ACT FRENCH is also the first large-scale acknowledgement of the reciprocity of contemporary French and American theater. Since the 1960s the French vanguard has been greatly influenced by the innovations of American companies like the Living Theater and, later, the Wooster Group, as well as extraordinary directors like Bob Wilson, Richard Foreman, Peter Sellars and, today, Richard Maxwell and Caden Manson. Over the same period, the classical French theater of Molière and Marivaux, and post-WWII existential and absurdist plays of Camus, Sartre, Ionesco and Beckett (the Irish playwright lived most of his life in France) have seen countless American productions. In the 1980s, New York City’s UBU Repertory was an important promoter of living French theater artists; Etant Donnés, the French-American Fund for the Performing Arts played a similar role in the 1990s. In that spirit, Act French includes a month-long downtown series partly curated by Mark Russell, former director of P.S. 122 and Artistic Advisor to the festival.

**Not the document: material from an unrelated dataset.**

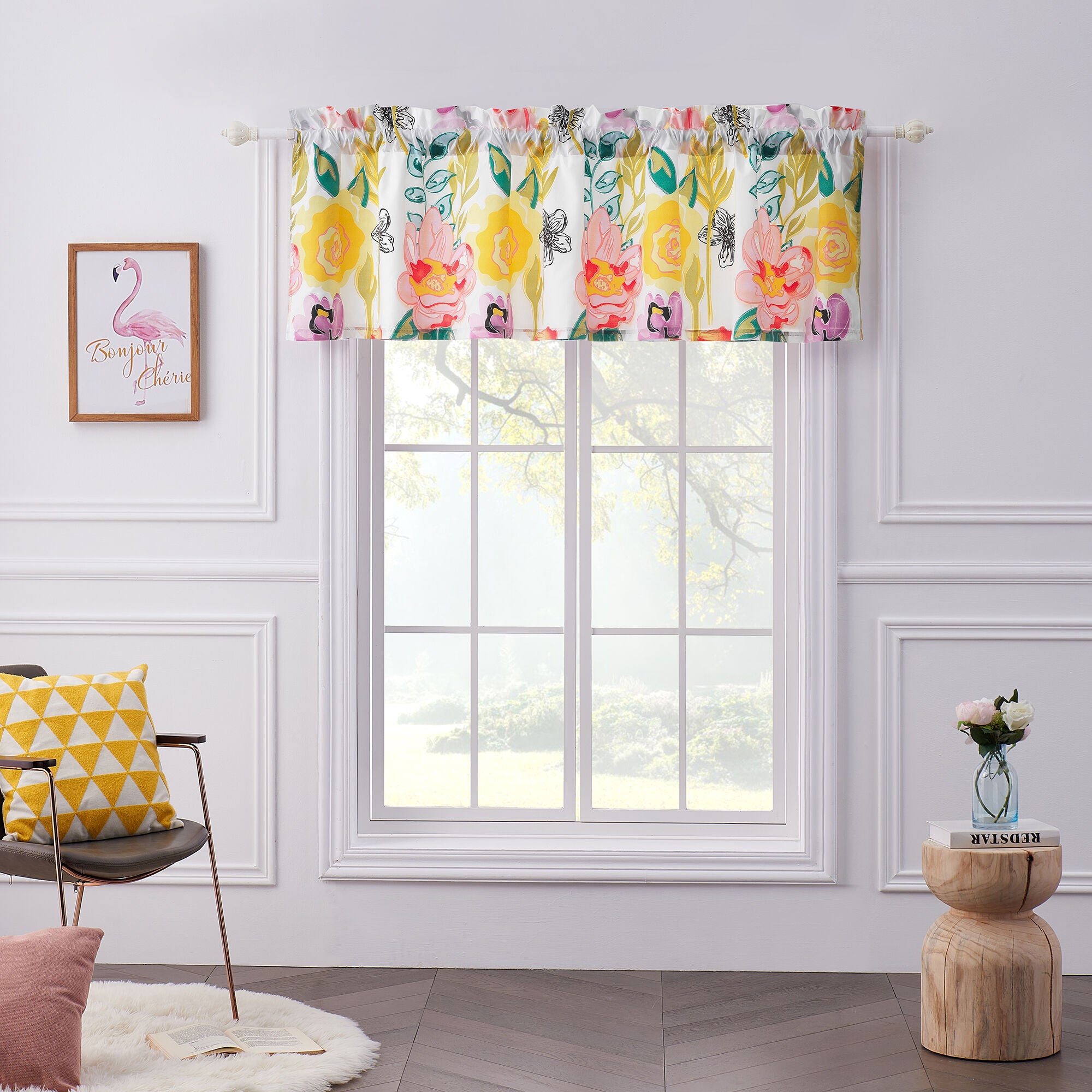 Watercolor Dream Window Valance Curtains, White, WHITE, alternate image number 4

ACT FRENCH expands on the success of France Moves (contemporary dance, 2001) and Sounds French (contemporary music, 2003), projects facilitated by the Cultural Services of the French Embassy in New York and AFAA (Association Française d’Action Artistique) to promote French performing arts and generate cultural exchange. It is hoped that this theatrical infusion will provide illuminating perspectives on French culture and spark passionate conversations among and between the countries’ leading theater artists, patrons and professionals.